У наших хозяев стал часто бывать молодой поэт Ян Рокита, писавший стихи о русских событиях. Его настоящее имя было Адольф Черный{4}. Он любил Россию и знаменовавшую наступление новых времен мятежность русского народа. Идея славянской взаимности и православный миф Достоевского о мессианском назначении русской нации рисовали перед его взором будущее, когда славянские народы, включая лужицких сербов, будут свободными и сообща пойдут по пути подлинного прогресса и расцвета культуры.

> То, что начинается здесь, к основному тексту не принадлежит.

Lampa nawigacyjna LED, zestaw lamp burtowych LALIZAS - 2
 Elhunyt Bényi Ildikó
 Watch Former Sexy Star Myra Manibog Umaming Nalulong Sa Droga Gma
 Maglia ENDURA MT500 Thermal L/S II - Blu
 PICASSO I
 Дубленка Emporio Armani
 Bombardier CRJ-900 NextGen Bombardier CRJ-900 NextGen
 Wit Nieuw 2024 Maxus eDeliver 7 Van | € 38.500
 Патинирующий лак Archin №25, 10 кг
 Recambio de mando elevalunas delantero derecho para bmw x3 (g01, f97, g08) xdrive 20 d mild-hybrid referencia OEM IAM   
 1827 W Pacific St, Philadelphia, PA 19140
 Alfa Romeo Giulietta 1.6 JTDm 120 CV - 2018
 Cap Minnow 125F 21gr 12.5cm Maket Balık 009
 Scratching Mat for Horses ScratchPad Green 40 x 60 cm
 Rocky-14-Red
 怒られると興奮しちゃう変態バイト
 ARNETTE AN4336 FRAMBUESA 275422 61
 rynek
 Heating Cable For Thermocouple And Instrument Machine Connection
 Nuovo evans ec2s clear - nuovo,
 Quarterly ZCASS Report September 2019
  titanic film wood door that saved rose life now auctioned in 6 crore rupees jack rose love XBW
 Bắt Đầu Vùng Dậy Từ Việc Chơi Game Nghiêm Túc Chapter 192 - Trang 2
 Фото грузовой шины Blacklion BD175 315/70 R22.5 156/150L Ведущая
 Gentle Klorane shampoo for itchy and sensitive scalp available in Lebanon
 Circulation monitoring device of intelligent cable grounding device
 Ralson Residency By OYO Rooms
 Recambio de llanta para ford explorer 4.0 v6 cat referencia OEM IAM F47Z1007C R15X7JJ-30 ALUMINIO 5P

Слово «свобода» звучало опьяняюще и зажигало сердца миллионов. Но старый мир еще далеко не отжил свой век. На западе Англия и Франция заключали сделки, спешили поживиться за чужой счет. Англия предоставила Франции свободу действий в Алжире. Франция в свою очередь обещала англичанам не препятствовать оккупации Египта.
Дом, где я родился, принадлежал семье Райнеров, дружившей с поэтом Адольфом Гейдуком{5}, а позднее с поэтом Яном Рокитой и художником Павлом Янсой{6}. Сестра нашего домовладельца Франтишека Райнера, управляющего городским хозяйством, была женой Гейдука, а дочери Райнера вышли замуж одна за Рокиту, другая за Янсу. Моя матушка прожила у Райнеров в прислугах добрых десять лет — она пришла в Писек пятнадцатилетней девочкой. Когда мои родители поженились, хозяева отвели им две каморки в углу двора. Одну темную, другую с двумя небольшими оконцами — здесь матушка стряпала, а отец занимался своим ремеслом. Сразу перед окнами располагались дровяники и сараи, забитые старым хламом.
Порой матушка любила поделиться воспоминаниями, тогда она рассказывала нам о родителях и о своей молодости.
Рассказывать она умела просто и интересно. И мы готовы были слушать ее с утра до вечера.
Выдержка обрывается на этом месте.